◆ Entries provided
···

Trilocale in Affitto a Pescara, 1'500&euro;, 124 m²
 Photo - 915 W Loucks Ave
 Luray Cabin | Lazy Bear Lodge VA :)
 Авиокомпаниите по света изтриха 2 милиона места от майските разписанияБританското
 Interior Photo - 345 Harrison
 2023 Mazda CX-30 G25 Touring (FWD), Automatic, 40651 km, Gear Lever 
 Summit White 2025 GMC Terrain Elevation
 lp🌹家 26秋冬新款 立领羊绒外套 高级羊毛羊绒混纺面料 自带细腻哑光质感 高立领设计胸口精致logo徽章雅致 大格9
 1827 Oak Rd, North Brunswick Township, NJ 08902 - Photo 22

···

◆ Assignment
All the records shown above need to be given again exactly.

◆ Solution to this task
Trilocale in Affitto a Pescara, 1'500&euro;, 124 m²
 Photo - 915 W Loucks Ave
 Luray Cabin | Lazy Bear Lodge VA :)
 Авиокомпаниите по света изтриха 2 милиона места от майските разписанияБританското
 Interior Photo - 345 Harrison
 2023 Mazda CX-30 G25 Touring (FWD), Automatic, 40651 km, Gear Lever 
 Summit White 2025 GMC Terrain Elevation
 lp🌹家 26秋冬新款 立领羊绒外套 高级羊毛羊绒混纺面料 自带细腻哑光质感 高立领设计胸口精致logo徽章雅致 大格9
 1827 Oak Rd, North Brunswick Township, NJ 08902 - Photo 22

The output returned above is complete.